AOL came under heavy fire last week when it announced a subscription price cut from £16.95 per month to £9.95. Today MSN announced it is joining the free movement as the best solution for developing its Internet business. Dave Phillips, AOL's U.K. boss explains why the analysts are wrong and the free ISPs are counting on a model that won't last...
Here's an assumption. If you're reading this, you know what you are doing online. As such, you are part of an elite online minority who will be overtaken by masses of newbies across Europe using the Internet for the first time. These are the same consumers who, if they have a VCR, have left it blinking continuously 12:00, and they'd sooner spend an afternoon with a programming manual as with their mother-in-law.
The Internet is the most powerful information source in history and a staggeringly effective communication tool. It will, over time, bring fundamental change to the way we communicate, do business, learn, shop and amuse ourselves. But how far and fast these changes will occur in the UK and Europe will depend upon the Internet becoming a truly mass medium. And in Europe, as in much of the world, that will require fundamental change -- not only in government policy but also in the kinds of technology-centric features and services that have been previously offered as so-called consumer products.
The undeniable truth is that, to most consumers, the Internet is still far too complex, too time-consuming, too frightening and too expensive. If the Internet and interactive service are to become as much a part of the British family's everyday life as the television or telephone -- and even more useful -- then change must come. How many British consumers would buy a telephone handset from a manufacturer who expected them to re-wire it to make it functional? How many British families would subscribe to a cable TV service where Fox Kids or Nickelodeon were one click away from a Dutch bondage channel through which other viewers could contact their children? And how would British consumers respond if Marks and Spencer charged £2.40 for every hour spent browsing in their shops?

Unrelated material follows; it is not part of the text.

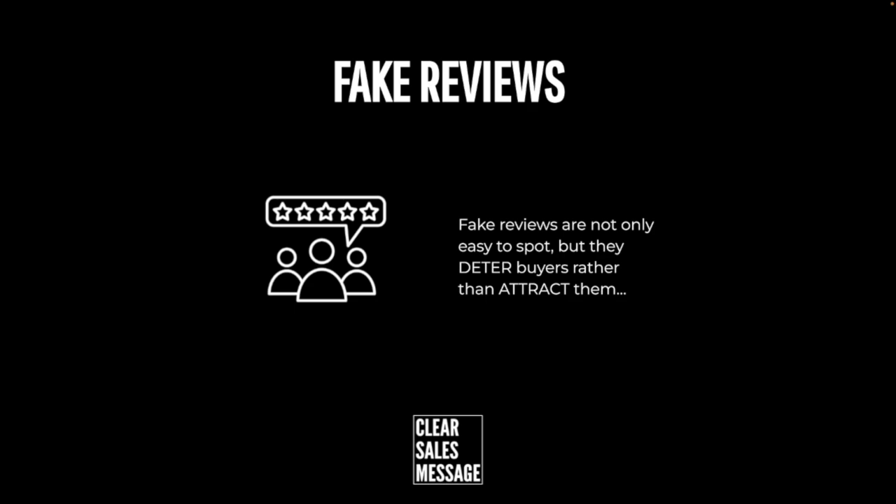For an added bonus, some overseas fake review companies who charge money to provide fake reviews have terrible grammar and spelling because English isn't their first language, and that makes them really easy to spot too.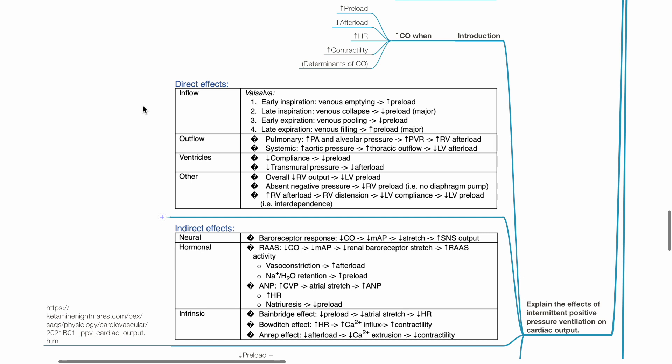Regarding effects on afterload: for the pulmonary circulation, IPPV causes increased alveolar pressure, leading to pulmonary vessel compression, reduced caliber, increased pulmonary vascular resistance, and increased right ventricular afterload. IPPV also increases intrathoracic pressure, leading to aortic compression, increased aortic pressure, increased aortic blood outflow, and reduced left ventricular afterload.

As long as the online community continues to accept these absurdities, the medium will remain the preserve of a wired elite, and the dream of a vibrant European information economy that competes with the U.S. will never be realised -- with the consequential loss to European jobs and social stability.
No company has brought more consumers around the world online than AOL and CompuServe. That's because we offer not just access to the Internet, but because we package the best features of interactive services into an easy-to-use, integrated online environment designed for ordinary consumers and families.
In the UK -- and in markets around the world -- we bring online consumers convenience, ease of use, quality, trustworthiness, and a sense of community. These consumers don't have time or patience to find relevant online content or download and configure new features or plug-ins.. They are families who are concerned about their children's access to pornography and are hesitant to make their first Internet purchase by sending their credit card details.
As with any business focused on providing a quality, value-added, editorial-intensive product or service, our approach requires investment and a longer-term outlook. Our business is built upon a sustainable and evolving financial model supported by multiple revenue streams and a long-term relationship with our customers. This relationship makes our member base probably the most attractive in the industry -- a view borne out by the fact that AOL Europe has struck many of the largest advertising and e-commerce deals in the industry
"Free" Internet access services, however, are fuelled by regulatory kickbacks from high priced, per minute phone charges. Despite all the hype, the free access business model is not the solution; it is a symptom of the problem of high phone rates, which if left uncorrected, will continue to slow adoption of the Internet and e-commerce in Europe.
For this reason, AOL is working to "turn off the clock" for online consumers. We're speaking to governments and regulators across the EU, and we're working on a commercial solution as well. We aim to provide European consumers with the same access to cheap, flat-rate local calls as enjoyed in the US and won't quit until the Internet becomes the most important and useful medium across Europe -- for everyone -- not just an online elite.
David Phillips President & Managing Director AOL/CompuServe U.K.